» **Brief**:
In the listing below, the lines starting at the line with "Aktuelle Chrysantheme Angebote" and ending at the line with "Whale Watching Activity" are to be output verbatim. Images stay out of the copy.

Data for the task: Begin

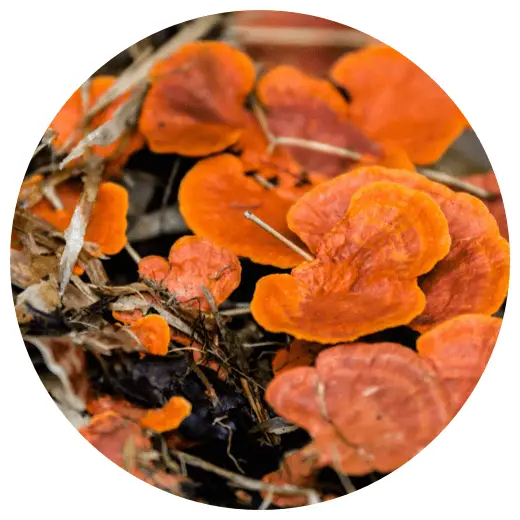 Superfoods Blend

Data for the task: End
Data for the task: Begin

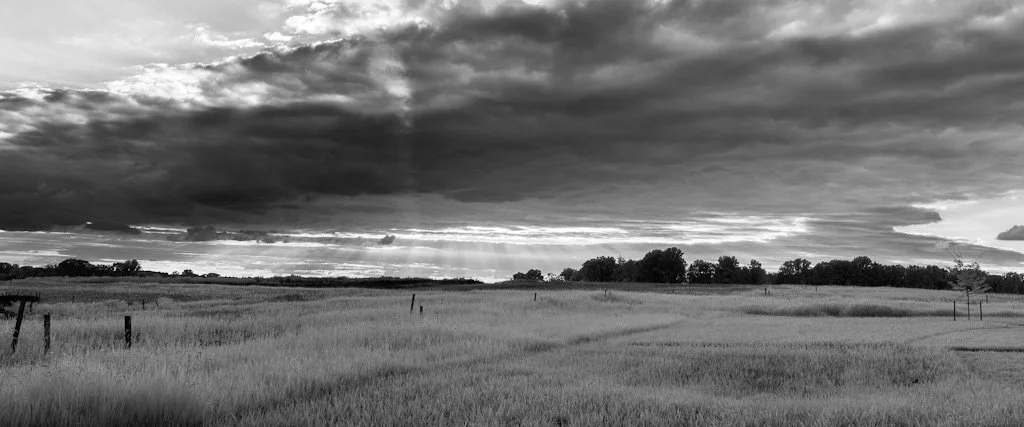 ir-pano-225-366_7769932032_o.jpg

Data for the task: End
Data for the task: Begin

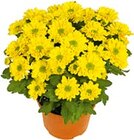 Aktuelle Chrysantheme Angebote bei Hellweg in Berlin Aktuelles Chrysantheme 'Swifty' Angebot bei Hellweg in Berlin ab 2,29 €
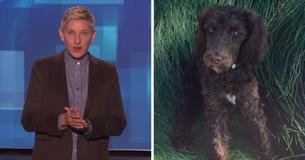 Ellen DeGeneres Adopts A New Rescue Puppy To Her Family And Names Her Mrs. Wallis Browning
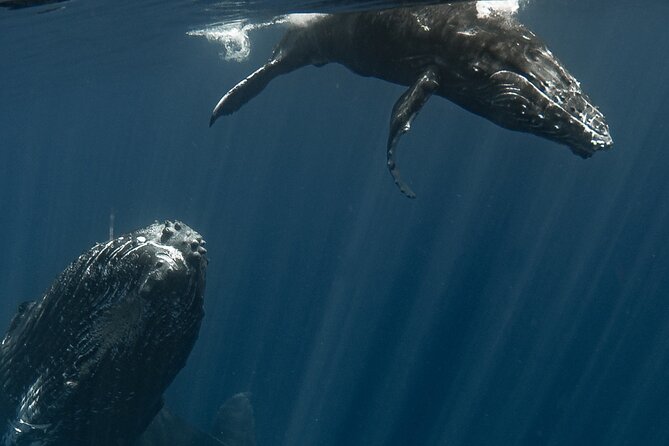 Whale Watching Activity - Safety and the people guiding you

Data for the task: End

» **Exercise response**:
 Aktuelle Chrysantheme Angebote bei Hellweg in Berlin Aktuelles Chrysantheme 'Swifty' Angebot bei Hellweg in Berlin ab 2,29 €
 Ellen DeGeneres Adopts A New Rescue Puppy To Her Family And Names Her Mrs. Wallis Browning
 Whale Watching Activity - Safety and the people guiding you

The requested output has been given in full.